Eine Familie und ihr Haus Die geheime Geschichte des Düsseldorfer Standesamts
Im Standesamt an der Inselstraße heiraten die Düsseldorfer seit 1945. Das Gebäude wurde 1898 fertiggestellt – als Wohnhaus der Familie Lenzberg. Ihr trauriges Schicksal ist kaum bekannt, die Stadt Düsseldorf pflegt ihre Erinnerung bislang nicht.
Geplant hatte das prächtige Haus Josef Kleesattel, ein Stararchitekt seiner Zeit, der für das stark wachsende Düsseldorf allein neun Kirchen entwarf.

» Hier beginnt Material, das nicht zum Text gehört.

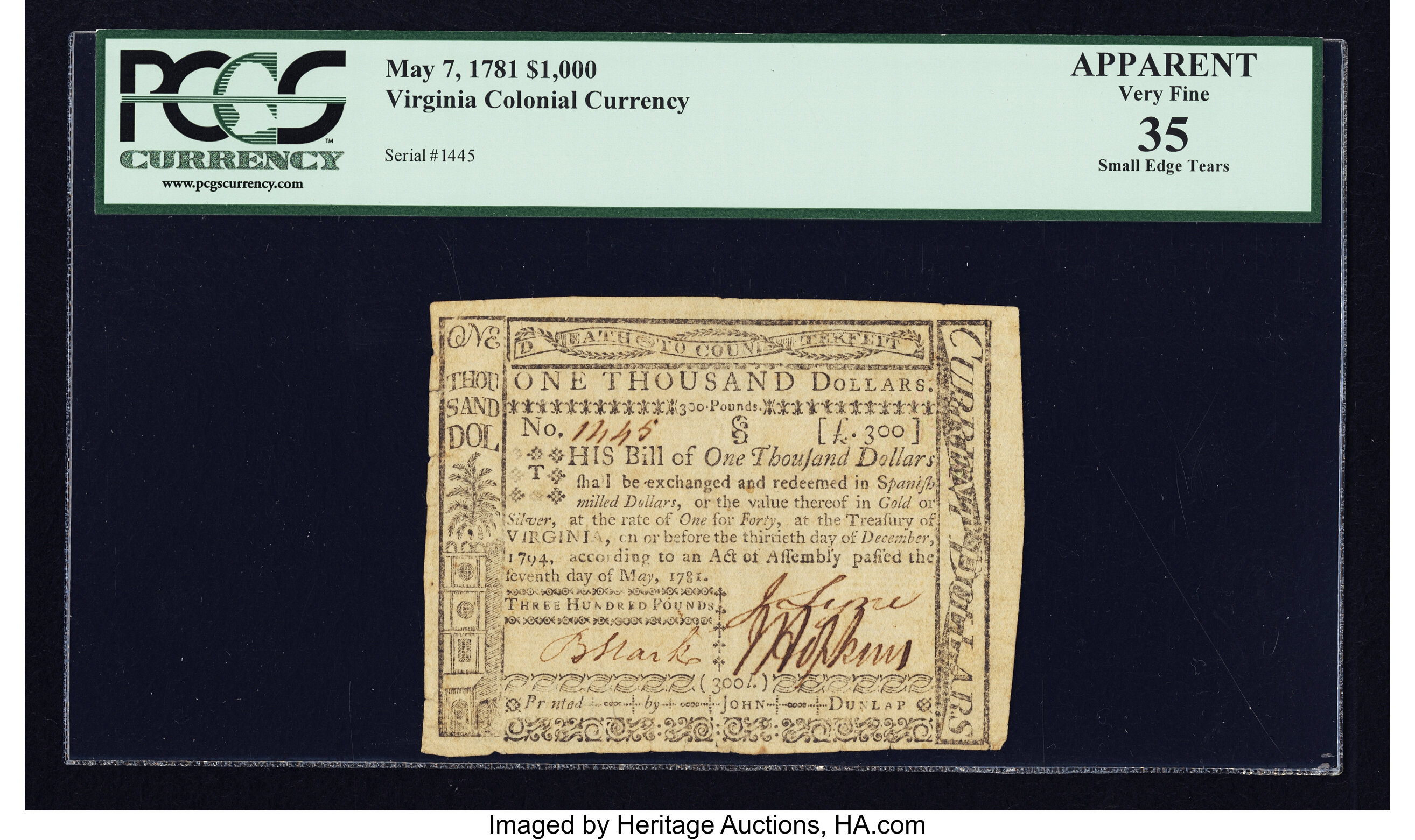 image for: Virginia May 7, 1781 $1000 PCGS Apparent Very Fine 35....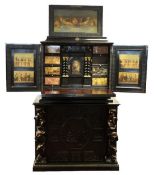 A VERY GOOD 17TH CENTURY ANTWERP EBONISED PAINTED AND HARDSTONE MOUNTED VARGUENO, with hinged lid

Die Fassade ist reich verziert.
Anna und Hugo Lenzberg in ihrem Garten. Sie wurden 1860 bzw. 1865 geboren und waren Juden. Sie hatten sich als Erwachsene evangelisch taufen lassen, Hugo Lenzberg wäre die preußische Beamtenkarriere als Richter sonst versperrt gewesen.
Die Familie Lenzberg machte ihr Haus zu einem kulturellen Treffpunkt. Daran erinnert eine Gedenktafel. Die Verfolgung der Familie wird nicht erwähnt.
Anna Lenzberg ist eine geborene Beer und wuchs in der Villa Franzenshöhe in Essen-Werden auf. Ihr Vater Moritz war Bankier.
Die Lenzbergs hatten zwei Kinder. Anne Marie war eine erfolgreiche Sopranistin, die viele Konzertreisen machte. Gegen eine Bühnenkarriere in einem Opernensemble hatte sich der Vater ausgesprochen. Beide, Vater und Tochter, starben an Leukämie.
Anne Marie heiratete den ungarischen Baron Zigismond von Huszar und überlebte den Krieg in Budapest.
Das Paar hatte eine Tochter, genannt Lia. Sie wurde als Kind gemalt.
Hugo und sein Sohn Karl nahmen als Soldaten am 1. Weltkrieg teil.
Karl Lenzberg mit seiner Frau Hilde nach dem Krieg in Düsseldorf. Er hatte als Psychiater gearbeitet. Die Nazis verwüsteten bei der Reichspogromnacht sein Haus an der Freiligrathstraße. Er emigrierte nach Venezuela.
Der Aufgang zur ersten Etage im heutigen Standesamt, wo sich einst fünf große Zimmer befanden.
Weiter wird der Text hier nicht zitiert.